Perhaps this should have been obvious. The verse carries a big promise, not a private one. A promise, as it says quite clearly, for the world. But the mythical individualism of my childhood faith, which rested exclusively on the idea of a personal relationship with Christ, wrapped itself around this verse. Right now, in this time of social distancing, as I long to wrap my arms around my sister or to share a meal at a table filled with friends or to smile at a stranger in the store and see them smile back, I am desperate to look up from the words on the page. I am desperate not for the words tucked in the private recesses of my heart but for the people who carry these words as I do. I cling not only to the promise of love written into the verse but to the promise that I am not reading alone.
The familiarity of John 3:16 now makes me uncomfortable. The verse seems flung about too easily on yard signs in my rural Pennsylvania neighborhood, Christian T-shirts worn on my college campus, shabby chic décor on the cover of some home magazine beloved by Christian folks. My progressivism—shrouded too often in elitism—can’t stand for such casual proclamations of faith. But when I do look up from all the uncomfortable packaging of this familiar verse, when I look to wise readers of the sacred text, I come face to face with a radical message written into John 3:16.

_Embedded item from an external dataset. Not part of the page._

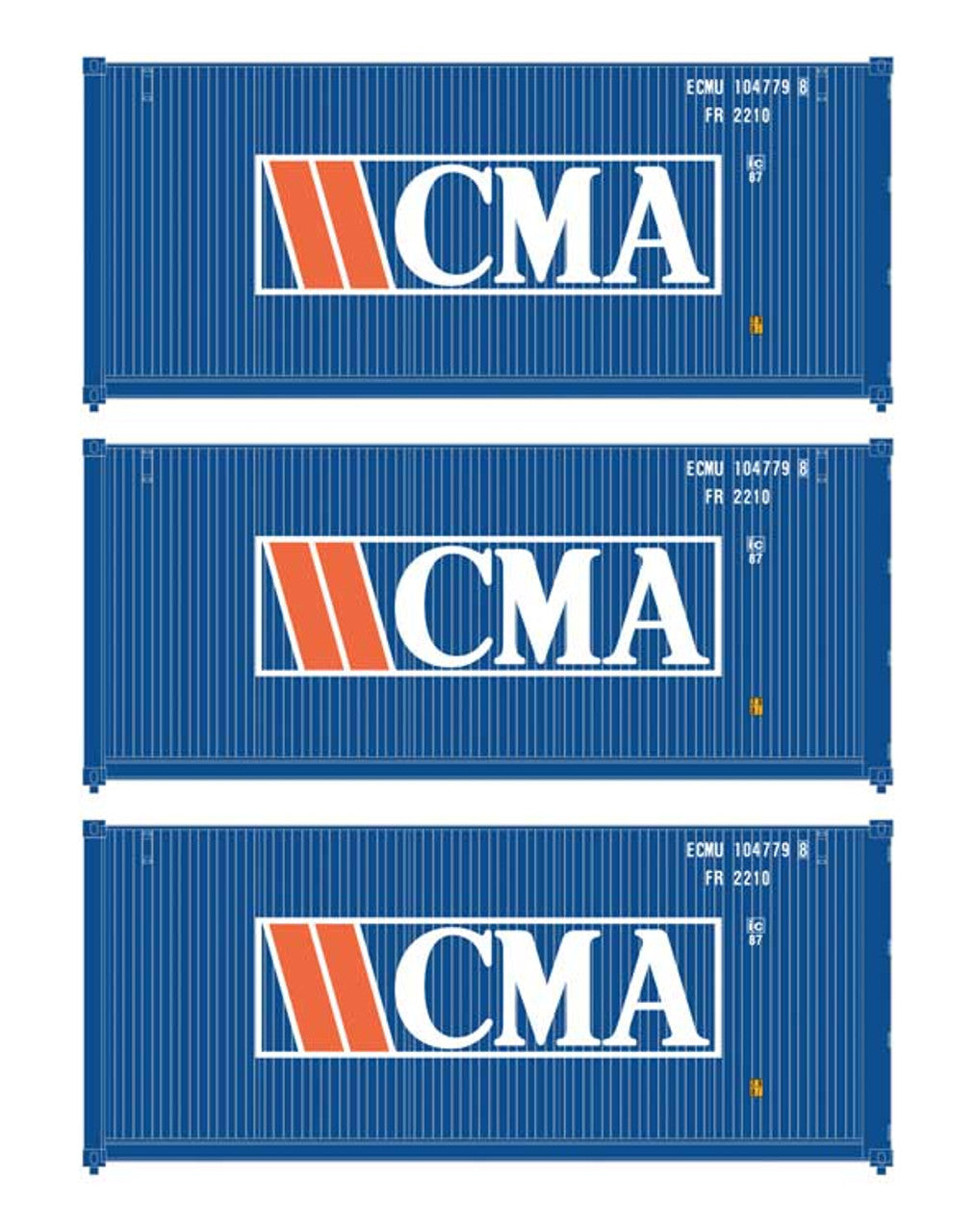 Walthers 949-18050 HO CMA 20' Fully Corrugated Container (Set of 3)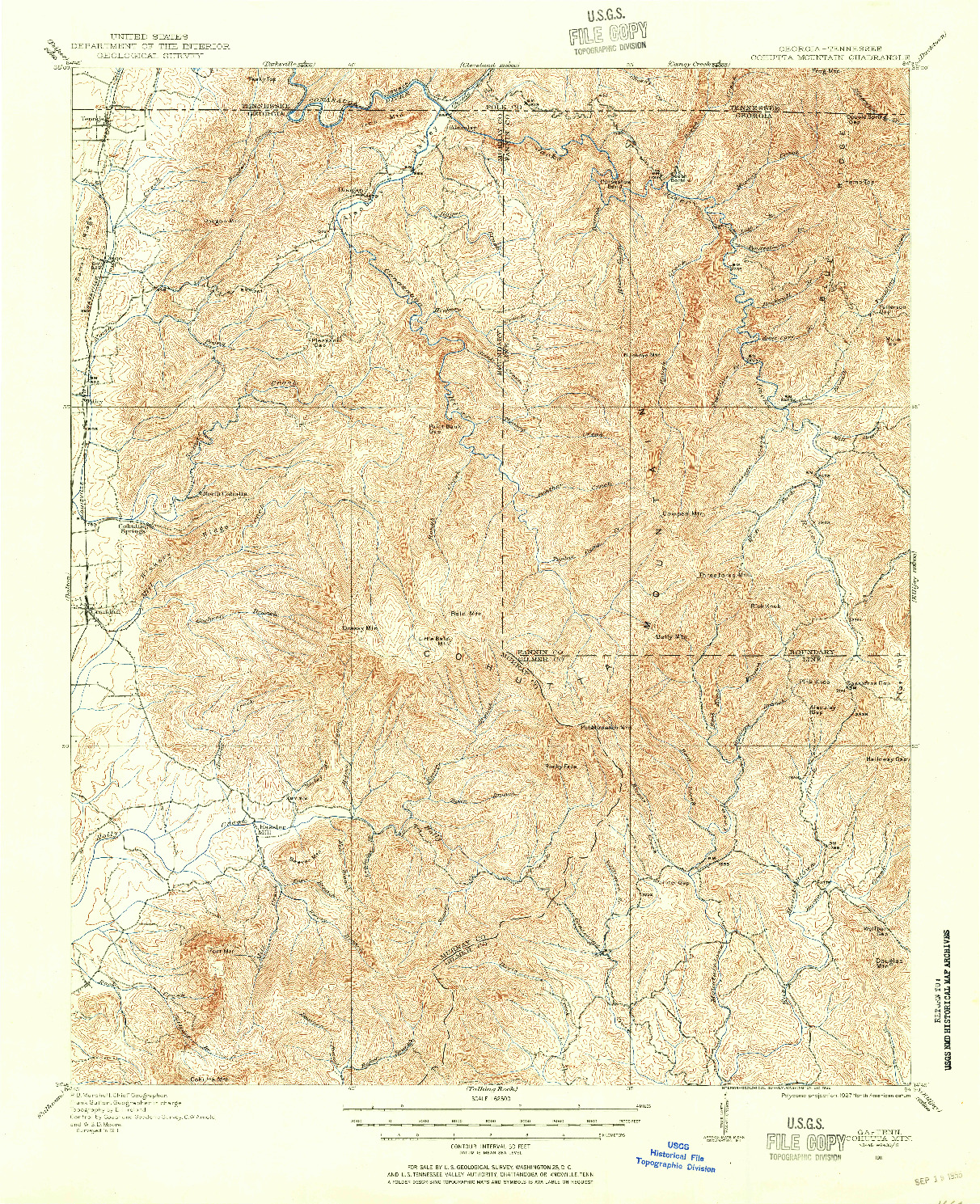 USGS 1:62500-SCALE QUADRANGLE FOR COHUTTA MOUNTAIN, GA 1911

In September 1954, a young Martin Luther King Jr. moved from Boston to Montgomery, the city that would call him from the pulpit to the street, that would cement his call to follow Jesus into the work of justice. His first week in the pulpit at Dexter Avenue Baptist Church, King preached on John 3:16. That first sermon in his new home bears signs of the voice that one year later would be heard all over the globe—of the man who would stand on the shoulders of Claudette Colvin, Rosa Parks, Jo Ann Robinson, and thousands of other Black women to lead the Montgomery bus boycott of 1955 and 1956 that would help change the world.
“God’s love has breadth,” said King. “It is a big love; it’s a broad love. . . . God’s love is too big to be limited to a particular race. It is too big to be wrapped in a particularistic garment. It is too great to be encompassed by any single nation. God is a universal God.” In that Montgomery church, King told a different story of the God of this verse. He leaned into it as a source of politically activated theology: “This [unlimited love] has been a ray of hope and has given a sense of belonging to the hundreds of disinherited people” who proclaim, like the enslaved preacher who risked everything to teach his enslaved congregants in the shadows of the plantation, “You ain’t no slave. . . . But you’re God’s child.”
For much of my life, I did not know that the John 3:16 of King’s sermon existed. His words have now made this familiar verse into a renewed cry for God’s great love, a love big enough and vast enough to be for me and for the whole of the world.